# [Assigned task]
From the listing below, reproduce exactly the lines starting with the one with "Guantes Nitrilo Talla" and going on through the one with "Personalized Mother Of", both ends kept. No picture is copied.

====== Records provided

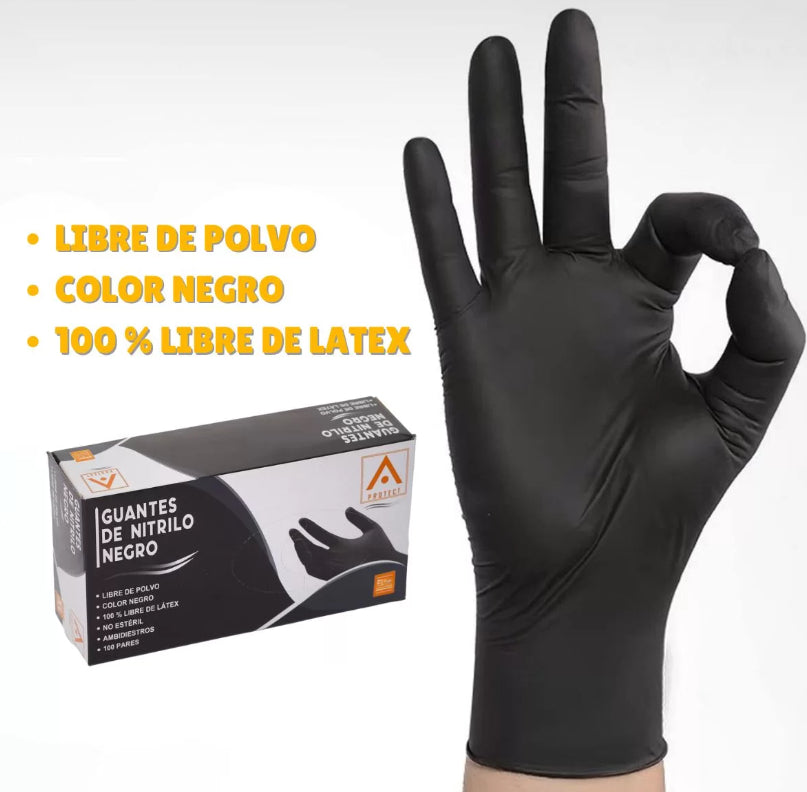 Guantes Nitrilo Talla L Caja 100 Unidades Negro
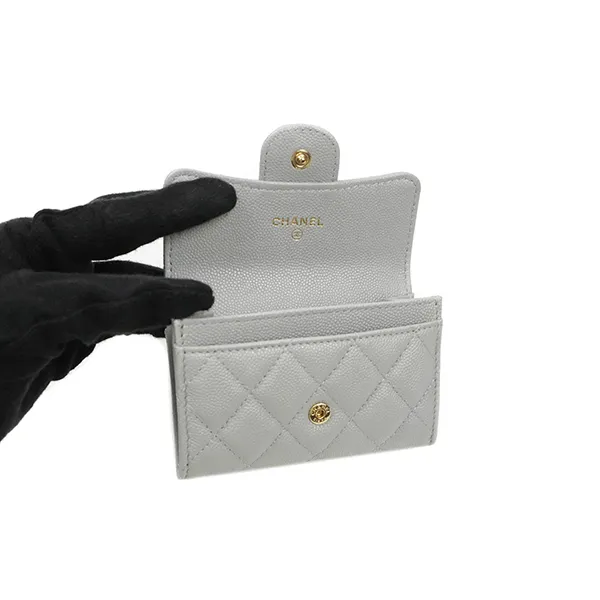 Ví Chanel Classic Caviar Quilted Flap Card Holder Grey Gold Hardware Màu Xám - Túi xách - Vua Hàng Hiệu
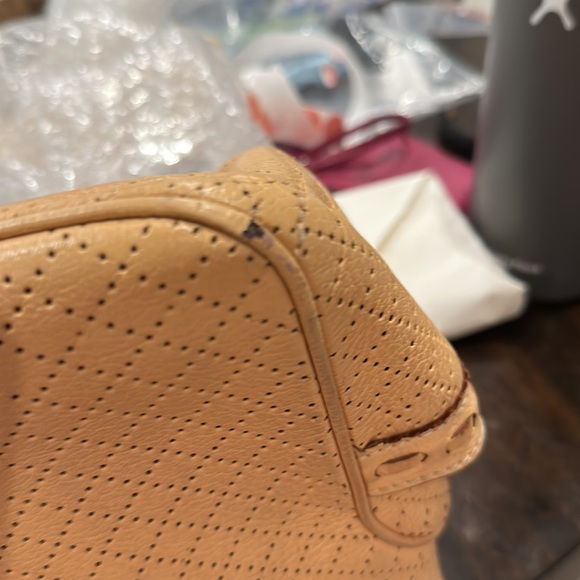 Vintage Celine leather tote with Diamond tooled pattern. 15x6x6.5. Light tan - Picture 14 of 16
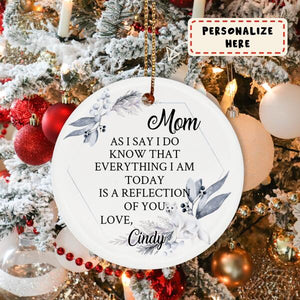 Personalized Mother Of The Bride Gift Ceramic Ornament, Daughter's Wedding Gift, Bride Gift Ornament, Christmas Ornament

============
====== Records provided

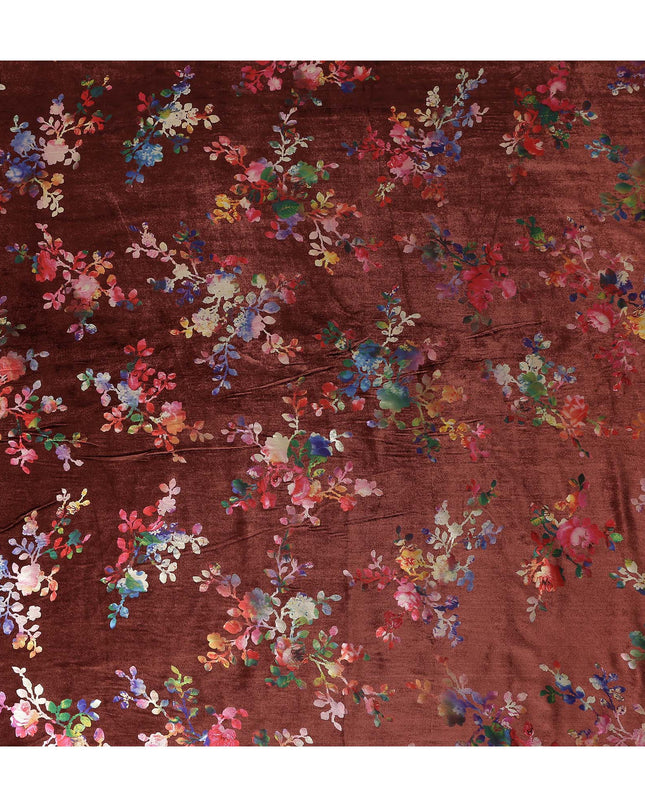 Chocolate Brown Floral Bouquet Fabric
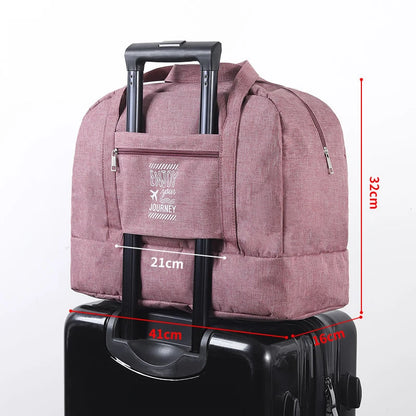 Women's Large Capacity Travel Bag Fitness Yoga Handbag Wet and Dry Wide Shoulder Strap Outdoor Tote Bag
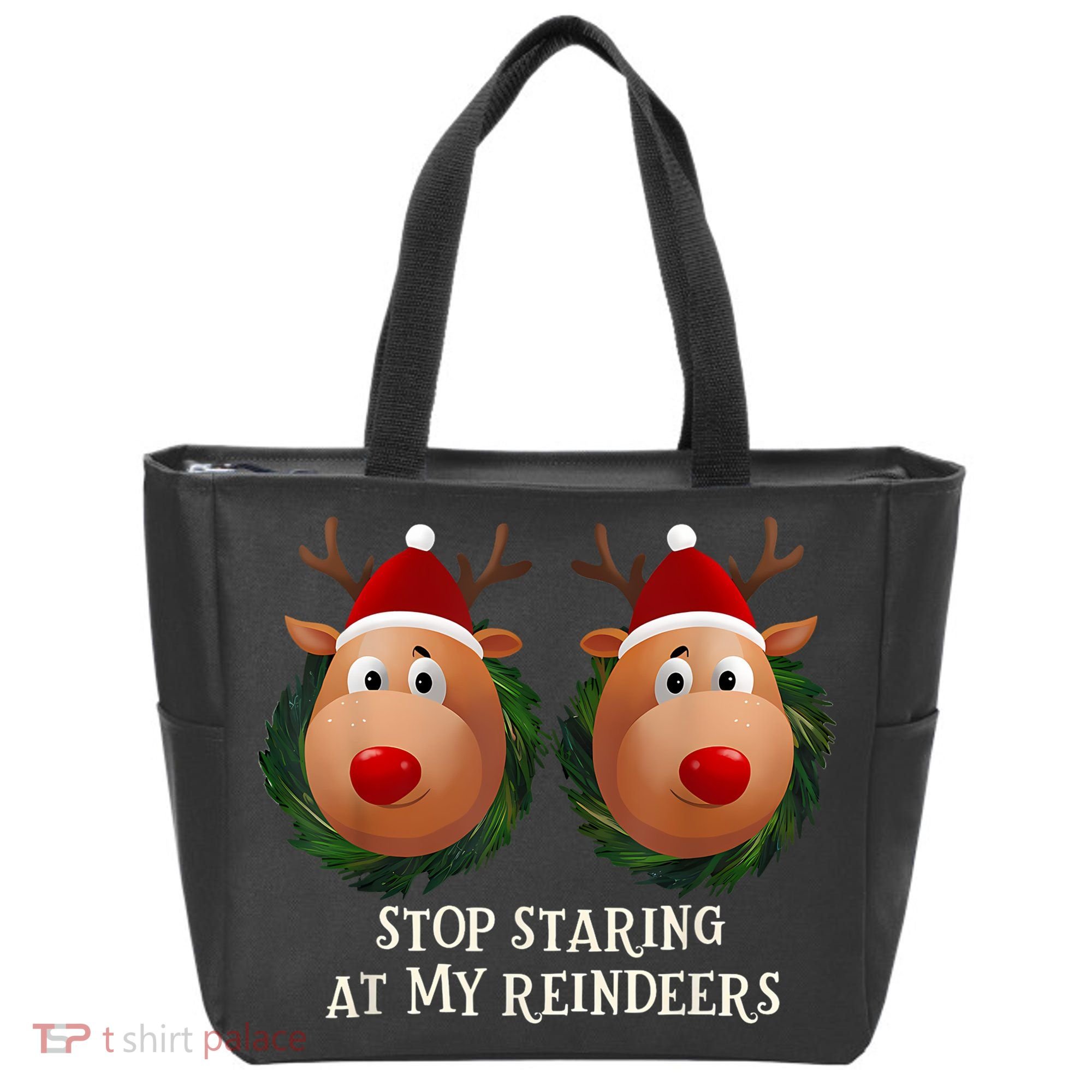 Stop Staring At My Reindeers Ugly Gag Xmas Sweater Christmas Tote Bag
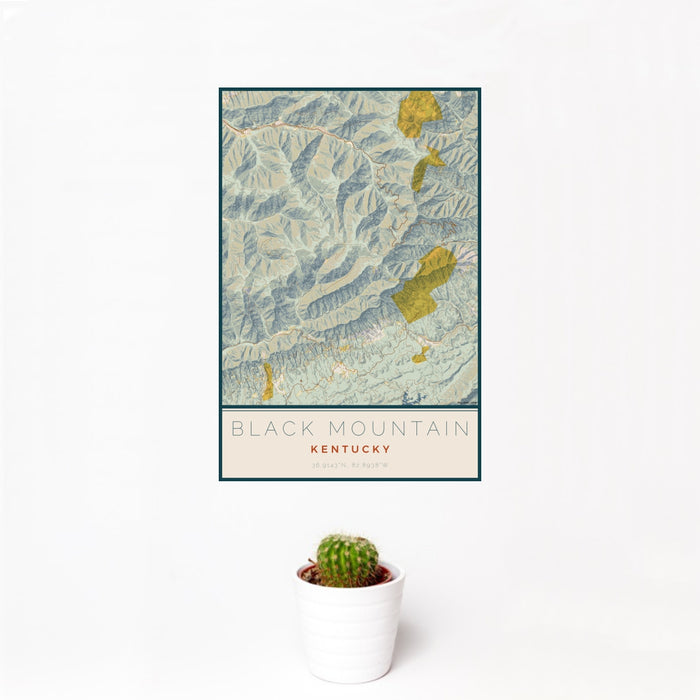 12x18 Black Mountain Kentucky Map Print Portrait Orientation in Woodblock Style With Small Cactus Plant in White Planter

============

# [Response box]
 Guantes Nitrilo Talla L Caja 100 Unidades Negro
 Ví Chanel Classic Caviar Quilted Flap Card Holder Grey Gold Hardware Màu Xám - Túi xách - Vua Hàng Hiệu
 Vintage Celine leather tote with Diamond tooled pattern. 15x6x6.5. Light tan - Picture 14 of 16
 Personalized Mother Of The Bride Gift Ceramic Ornament, Daughter's Wedding Gift, Bride Gift Ornament, Christmas Ornament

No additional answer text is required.